Medicine At Midnight
For the past 10 years or so, the Foo Fighters have without question been the biggest band in the world. This was solidified with their mega-hit record, Wasting Light in 2011. While their 2014 follow-up Sonic Highways floundered with its middle of the road rock, Concrete And Gold saw the band return in 2017 with what was perhaps their most experimental and creatively charged album to date. Now, their highly anticipated Medicine At Midnight sees the band attempt to find balance between modern hard rock and artistic experimentation while digging deep into their classic rock roots of the ‘60s and ‘70s.
Who in the world opens a rock record with a song in ¾ time? Dave Grohl and company sure as hell do with the rhythmic guitar crunch led by Taylor Hawkins’ off-centred beat on the album opener “Making A Fire”. Much to my own surprise, and the likely disappointment of many, Foo Fighters have a habit of opening their albums with their biggest and heaviest of songs – “The Pretender”, “Bridge Burning”, and “Something From Nothing” but rather a bouncy alternative rock track that feels as if it should be bigger. It’s an interesting direction that, especially when you factor in the lush backing vocals, feels a touch psychedelic and very much in tone with the upbeat work from the likes of The Beatles and David Bowie. In my opinion, it is the following track, “Shame Shame” that is truly captivating as it creates an aura of darkness and is among the best tracks on Medicine At Midnight. The haunting alternative piece feels like it was taken straight from the melancholic songbook of Queens Of The Stone Age and, when it was released as the lead single in 2020, left me more intrigued for the direction of a Foo Fighters record than I ever have. Dare I say, “Shame Shame” may very well stand among my favourite songs from the band.

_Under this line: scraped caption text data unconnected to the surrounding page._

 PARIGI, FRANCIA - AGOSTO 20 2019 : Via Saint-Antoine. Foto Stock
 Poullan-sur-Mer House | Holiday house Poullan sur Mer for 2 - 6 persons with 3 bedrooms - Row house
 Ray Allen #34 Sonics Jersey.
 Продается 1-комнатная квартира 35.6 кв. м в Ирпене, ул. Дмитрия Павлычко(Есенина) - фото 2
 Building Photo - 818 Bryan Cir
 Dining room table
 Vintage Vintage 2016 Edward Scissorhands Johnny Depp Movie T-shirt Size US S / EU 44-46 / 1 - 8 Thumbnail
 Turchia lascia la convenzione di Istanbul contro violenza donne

Curiously, there is a slight funky feel that bounces throughout Medicine At Midnight on tracks like “Cloudspotter” and the title track. The former is driven by a slinky guitar riff and stunning vocal harmonies between Grohl and his daughter, Violet May Grohl, before exploding into a massive rocking chorus, while the latter has an alternative pop-rock feel to the verse that builds up to an emotionally charged chorus that, between the organic flow of these seemingly juxtaposing parts, feels nostalgic for the songwriting of Tom Petty. The same very much can be said the ballad, “Waiting On A War”. Yet another highlight is the tight groove of “Holding Poison” and the unexpected bridge that seemingly sideswipes you through your speakers out of nowhere.
While I have always lamented that Foo Fighters should dig deep into their heaviest of influences and reject their mainstream tone for an edgy and aggressive, borderline metal sound, Medicine At Midnight proves that the band can be just as energized and compelling when they go the opposite direction into their softer and alternative tones. In fact, it is the heavier songs on this record where the band seems to meander, whereas the ballads and alternatively charged songs leave the band sounding as invigorated as they did in 2011. In many ways, Medicine At Midnight may be their most surprising and unique album to date that ultimately furthers the range and power of the Foo Fighter’s as both performers and songwriters.